Increased habitat fragmentation during the late Miocene in Africa might explain the evolution of African ape knuckle walking and hominin bipedalism from an orthograde arboreal ancestor. Bipedalism might have allowed humans to escape the great ape “specialization trap“—an adaptive feedback loop between diet, specialized arboreal locomotion, cognition, and life history. However, understanding the different selection pressures that underlie knuckle walking and bipedalism is hindered by locomotor uncertainties about the Pan-Homo LCA and its Miocene forebears. In turn, the functional interpretation of Miocene ape mosaic morphologies is challenging because it depends on the relevance of primitive features. Furthermore, adaptive complexes can be co-opted to perform new functions during evolution. For instance, features that are functionally related to quadrupedalism or orthogrady can be misinterpreted as bipedal adaptations. Miocene apes show that the orthograde body plan, which predates below-branch suspension, is likely an adaptation for vertical climbing that was subsequently co-opted for other orthograde behaviors, including habitual bipedalism.

The evolutionary history of apes and humans is largely incomplete.


Whereas the phylogenetic relationships among living species can be retrieved using genetic data, the position of most extinct species remains contentious. Surprisingly, complete-enough fossils that can be attributed to the gorilla and chimpanzee lineages remain to be discovered. Assuming different positions of available fossil apes (or ignoring them owing to uncertainty) markedly affects reconstructions of key ancestral nodes, such as that of the chimpanzee-human LCA.

OUTLOOK

Future research efforts on hominin origins should focus on (i) fieldwork in unexplored areas where Miocene apes have yet to be found, (ii) methodological advances in morphology-based phylogenetics and paleoproteomics to retrieve molecular data beyond ancient DNA limits, and (iii) modeling driven by experimental data that integrates morphological and biomechanical information, to test locomotor inferences for extinct taxa. It is also imperative to stop assigning a starring role to each new fossil discovery to fit evolutionary scenarios that are not based on testable hypotheses.

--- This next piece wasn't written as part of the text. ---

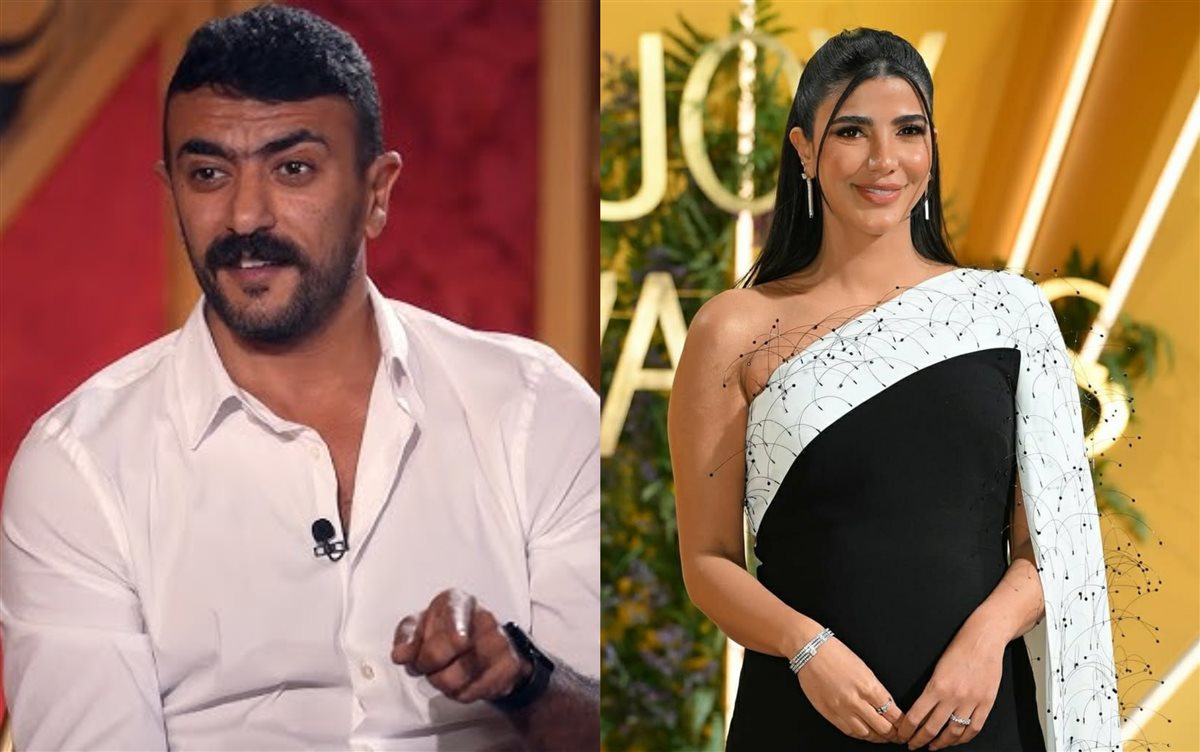 ريم سامي وأحمد العوضي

Early hominins likely originated in Africa from a Miocene LCA that does not match any living ape (e.g., it might not have been adapted specifically for suspension or knuckle walking). Despite phylogenetic uncertainties, fossil apes remain essential to reconstruct the “starting point” from which humans and chimpanzees evolved.

Abstract

Humans diverged from apes (chimpanzees, specifically) toward the end of the Miocene ~9.3 million to 6.5 million years ago. Understanding the origins of the human lineage (hominins) requires reconstructing the morphology, behavior, and environment of the chimpanzee-human last common ancestor. Modern hominoids (that is, humans and apes) share multiple features (for example, an orthograde body plan facilitating upright positional behaviors). However, the fossil record indicates that living hominoids constitute narrow representatives of an ancient radiation of more widely distributed, diverse species, none of which exhibit the entire suite of locomotor adaptations present in the extant relatives. Hence, some modern ape similarities might have evolved in parallel in response to similar selection pressures. Current evidence suggests that hominins originated in Africa from Miocene ape ancestors unlike any living species.

So, given what these experts say about the fossil evidence for humun evolution from a common ancestor with the other African apes and how best to use it, would any creationist like to explain why this shows evidence for Creationism and a 'theory in crisis' as Creationist frauds like Ken Ham, Michael Behe, et al. continue to insist? If not, from where do these frauds get the evidence for their claims?